Booker confirmed it has expanded its ranges in Northern Ireland due to changes to post-Brexit trade agreements at the beginning of October.
Minister of State and former Tesco director Baroness Neville-Rolfe claimed in a letter sent on 12 October that: “Significant wholesalers such as Booker have written to customers noting that they are now able to, “bring back some of your favourite products that we had to remove due to the previous Northern Ireland Protocol.”
Asked to confirm the claim and provide details of lines reintroduced, a spokesperson for Booker told Better Retailing: “There are a number of changes in the Windsor framework which have allowed us to increase the range of products available to customers at our Belfast Makro branch.
“For example, our Belfast branch is now able to sell a broader range of catering-format products, which were previously not covered by STAMNI (as this scheme only covered retail products that were packed for end consumers).”

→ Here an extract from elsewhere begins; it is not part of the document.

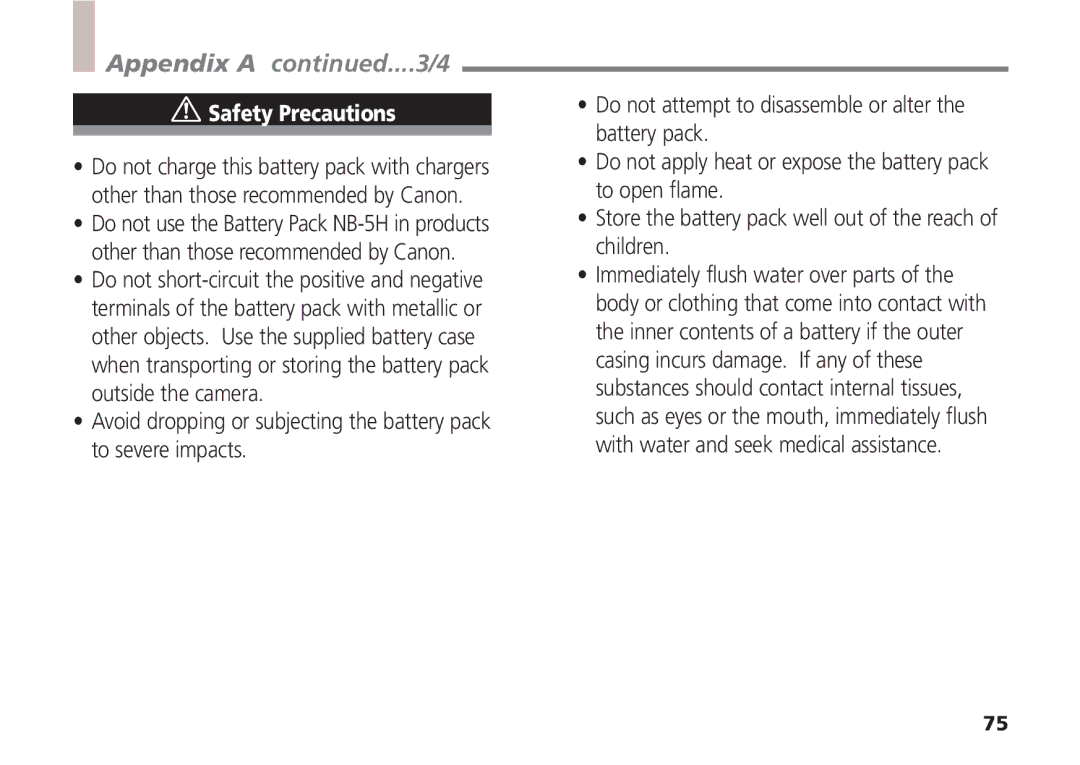 Canon A5 quick start Appendix a ....3/4, Safety Precautions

Booker added: “We continue to work with government to implement the Windsor framework and offer our customers in Northern Ireland a fantastic range of products at great prices.”
A new arrangement for the import and export of goods to and from Northern Ireland began on 1 October, known as the Windsor Framework.

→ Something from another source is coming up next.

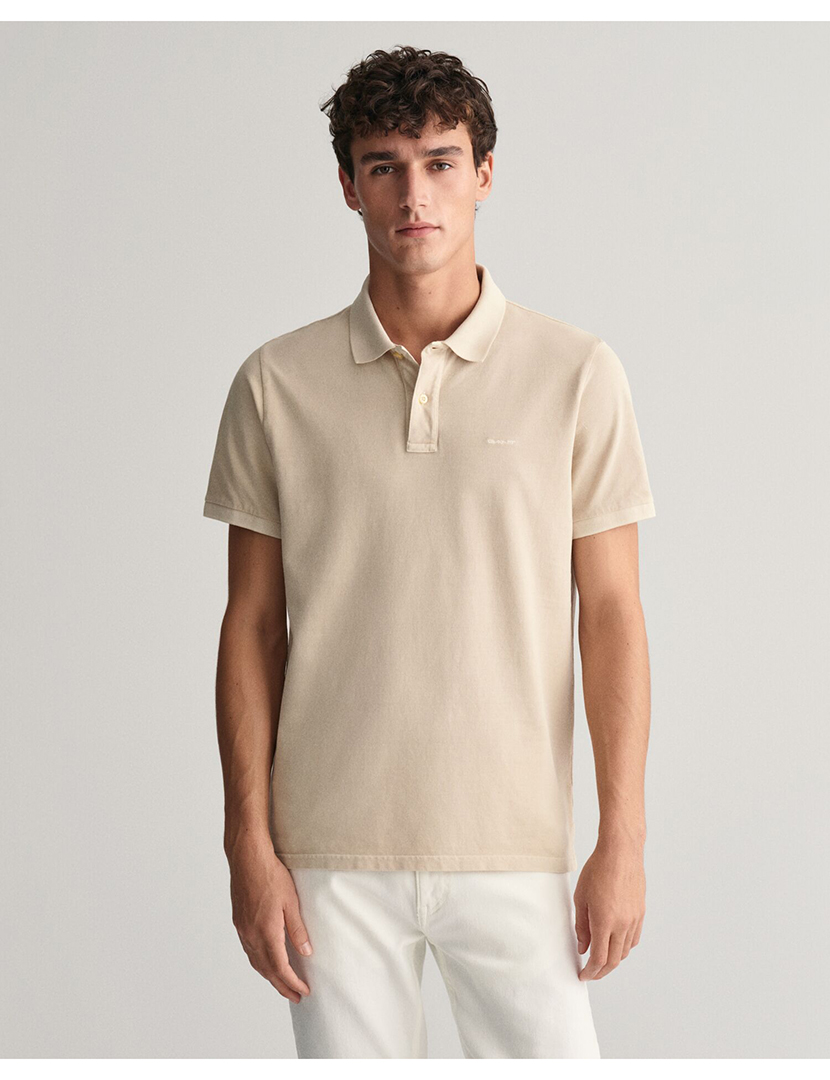 Pólo Manga Curta Sunfaded Pique Bege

Despite, the minister’s claim, stores in the country said they had noticed little change. For instance, Judith Mercer, owner of Hamilton’s Newsagents in Cregagh in County Down said it had been hard to measure the change from the new procedures. “Availability has been very good and credit goes to Spar for working hard to maintain this. There had been Brexit related issues previously with things like cheese and biscuits but it can be hard to determine the reason for supplier outages, though it does seem like some could be due to errors in customs paperwork.”
Glyn Roberts, chief executive of Retail NI told RN there had been ‘no substantial issues’ reported so far related to the switch to the Windsor Framework.